# Wedding Present



## Nannetteph (Aug 13, 2015)

So I got invited to a wedding when I get there in January 2016. So I asked them if I can get them a set of dishes & silverwares for their wedding presents. My nephew said if he can request something else instead. How about I pay for their honeymoon outside the country? Are you kidding me? I'm not an ATM. Am I going to encounter this kind of stuff? My own kids wouldn't dare ask that. 

My husband, who's an American was asked to be one of the sponsors. What is the expectations as sponsors, pay for part of the wedding? How much?


----------



## UltraFJ40 (May 20, 2014)

Nannetteph said:


> So I got invited to a wedding when I get there in January 2016. So I asked them if I can get them a set of dishes & silverwares for their wedding presents. My nephew said if he can request something else instead. How about I pay for their honeymoon outside the country? Are you kidding me? I'm not an ATM. Am I going to encounter this kind of stuff? My own kids wouldn't dare ask that.
> 
> My husband, who's an American was asked to be one of the sponsors. What is the expectations as sponsors, pay for part of the wedding? How much?


Sponsor = $$$

Yes, you'll most likely be asked these types of questions frequently, at least until you lay down the ground work letting them know the rules. Good luck.


----------



## M.C.A. (Feb 24, 2013)

Sounds wallet depressing, any party here, it's gonna be on your dime for sure. I'd show up late for that party, Do you need to go? already the signs out there... "We have no money" you pay please (they'll be asking for money) and leave early (still needing more money), you don't pay up big they frown, it's not worth any effort, my personal opinion. 

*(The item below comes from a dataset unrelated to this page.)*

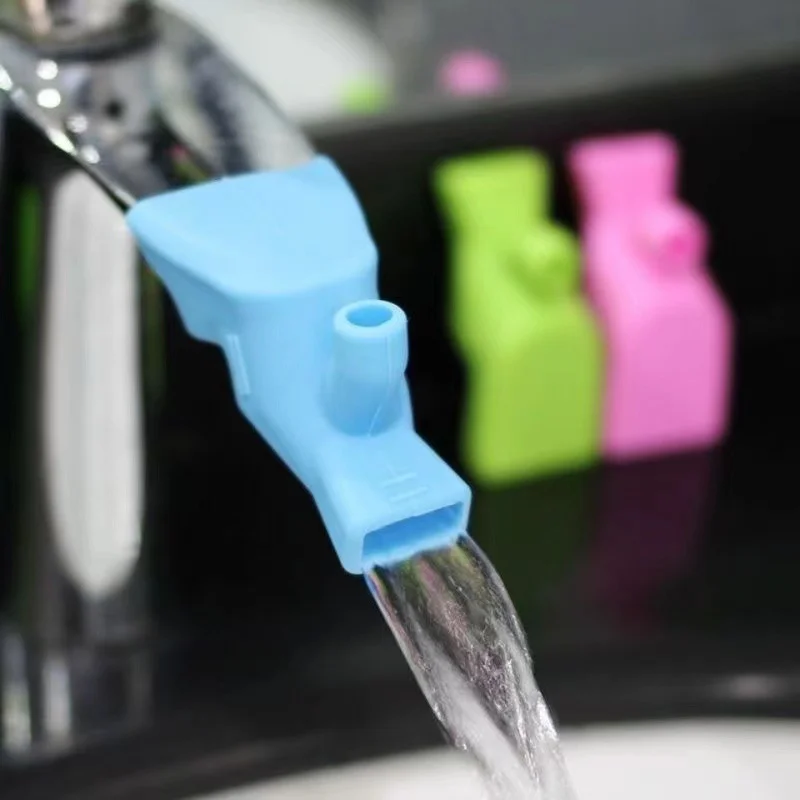 Silicone Tap Washer - 蛇口エクステンダー、浴室シンク用具、子供用手洗いアクセサリー、シリコン製水道ガイドシンク、浴室用アクセサリー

Oh gosh who needs it, aren't we the retiree's, shouldn't we enjoy our life and worry about ourselves, nobody here will care about us, no matter how much we spend, sorry but I've had so many bad experiences with in-laws, what a waste of time and effort, Nannetteph we now focus on ourselves and adopted kids only, just about everyone else is a complete and total waste of time.


----------



## esv1226 (Mar 13, 2014)

Unfortunately this could be the first of many. You'll have more relatives than you know.
I think rt ticket to Hongkong/Kota Kinabalu, etc specials with Cebu Air Pacific is less than the price of china & silverware set. If they know you are co-paying for the wedding, they'll spend more.
I would give cash and let them spend it the way they want. Something between P5,000-P10,000?+? depending on how close you are to them or your sister/brother.
I was a sponsor to a nephew's wedding years ago. I gave cash to my brother and told him I wanted to help with his expenses. Later, I was told that paid for the honeymoon.


----------



## fmartin_gila (May 15, 2011)

We don't get invited to so many functions since I have curtailed the "loans" and have not been asked to sponsor for any baptisms and such anymore either. Getting to be known as the tight Cano since I feel I don't need help spending what I have worked my whole life for.

Fred


----------



## pijoe (Jul 21, 2015)

A couple of years ago my wife went to her cousins wedding outside of Manila. My wife, brother in law and sister in law met with various extended family to travel from Manila to where the wedding was going to be held several hours outside the city. My wife agreed to rent a car and fit as many people in as would fit. They went to the wedding and afterword their car and driver agreed to drive them to the Pasay bus terminal for the trip back to zambales and the rest of the passengers that had ridden down with them back to Don Boscoe where the trip had originated. At this point there was a giant screaming match from 15 or so other friends of relatives that we dont even know demanding that she pay for their pamasahe back to Manila. My wife left them standing on the side of the road. Thats what 25 years of busting her butt on the night shift has taught my better half! She tolerates absolutely no B.S. from the entitled. In all fairness she spent over $150 attending to the needs of others traveling in the group and had reached her limit of exasperation at the forwardness of their demands.


----------



## Tukaram (Dec 18, 2014)

This is a good opportunity to let them hear you say "no" - and mean it. 

We just got a new ATM in town I send them to...an Automatic Tubig Machine!


----------



## galactic (Dec 2, 2014)

I was once invited to be a main sponsor in a wedding. 
I gave them a gift certificate at SM appliances for 5,000 pesos.
They were a very grateful couple blessed with the gift of appreciation


----------